What a funny coincidence that celebrations of Apple’s 50th anniversary would hit the same month that the company introduced the MacBook Neo, a $599 laptop that has the potential to take the Mac to new heights.
The facts that Apple was founded in 1976 and the MacBook Neo exists in 2026 shouldn’t have anything in common but that they both involve a corporation called Apple. But that’s not right: Apple’s product philosophy is more continuous than you might imagine, and that string that starts with the Apple I ends, 50 years later, in a colorful new MacBook Neo.
Apple was born in a chaotic world. Dozens of personal computer companies were building early devices, and each of them was its own island with its own software running on custom hardware. New chips and new hardware innovations like floppy disk drives (did you know that the earliest Apple computers could only read data from audio cassettes?!) meant that as a computer company, you evolved rapidly or you died.

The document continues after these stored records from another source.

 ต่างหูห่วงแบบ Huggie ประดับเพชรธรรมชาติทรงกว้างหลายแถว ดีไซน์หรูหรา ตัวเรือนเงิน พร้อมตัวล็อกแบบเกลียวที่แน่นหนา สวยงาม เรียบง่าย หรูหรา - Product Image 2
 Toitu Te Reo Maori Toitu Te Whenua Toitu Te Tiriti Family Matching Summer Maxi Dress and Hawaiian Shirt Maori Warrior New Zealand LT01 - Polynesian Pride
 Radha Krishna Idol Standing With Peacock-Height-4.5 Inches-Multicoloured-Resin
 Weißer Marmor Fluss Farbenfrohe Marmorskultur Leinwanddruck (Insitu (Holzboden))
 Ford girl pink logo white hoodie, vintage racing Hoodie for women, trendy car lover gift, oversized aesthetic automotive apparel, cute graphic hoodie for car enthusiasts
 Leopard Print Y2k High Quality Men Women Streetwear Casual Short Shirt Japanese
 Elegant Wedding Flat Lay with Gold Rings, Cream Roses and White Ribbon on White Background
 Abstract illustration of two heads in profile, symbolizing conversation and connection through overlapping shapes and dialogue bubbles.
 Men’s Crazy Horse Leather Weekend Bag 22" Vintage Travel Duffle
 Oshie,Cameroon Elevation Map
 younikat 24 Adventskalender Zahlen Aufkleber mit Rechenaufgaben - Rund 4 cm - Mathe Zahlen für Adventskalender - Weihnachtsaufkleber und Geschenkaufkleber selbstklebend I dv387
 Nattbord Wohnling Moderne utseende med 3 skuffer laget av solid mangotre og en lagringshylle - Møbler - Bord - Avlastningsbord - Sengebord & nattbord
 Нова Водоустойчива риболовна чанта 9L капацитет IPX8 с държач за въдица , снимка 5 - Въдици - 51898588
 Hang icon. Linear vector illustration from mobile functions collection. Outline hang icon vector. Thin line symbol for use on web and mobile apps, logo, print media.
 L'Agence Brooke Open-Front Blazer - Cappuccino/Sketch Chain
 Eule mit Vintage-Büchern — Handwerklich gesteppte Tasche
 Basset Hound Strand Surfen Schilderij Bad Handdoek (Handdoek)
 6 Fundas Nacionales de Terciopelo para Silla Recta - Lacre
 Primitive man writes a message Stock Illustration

Most of them died, of course. But Apple didn’t, in part because it was always adopting the next big thing in order to survive. It was a mindset that I always connect to Steve Jobs, a man with absolutely zero sentimentality. Apple has always been a company that knows that it needs to move forward rapidly to survive.
Steve Jobs believed in always moving forward and not getting sentimental about the past. That philosophy has served Apple well.
Apple
This has been a factor that has remained in the corporate culture, to varying degrees of strength, for 50 years. It’s not that Apple doesn’t care about taking care of its customers–it’s managed three chip transitions and one operating system transition on the Mac while providing solid support over a transitional period.
One reason this culture got reinforced is that Apple has never been the dominant ecosystem player in any market it’s competed in. (The iPod was dominant, but not really much of an ecosystem.) When you’re dominant, like PCs driven by Microsoft’s DOS and Windows operating systems, the name of the game is compatibility. Once you’ve got the bulk of the market, it’s all about consolidation.
Over time, stability and compatibility became a major reason why Microsoft was so successful. Old Windows apps just kept running. Microsoft built an entire culture about supporting its enormous base of customers, many of whom were using ancient hardware and software.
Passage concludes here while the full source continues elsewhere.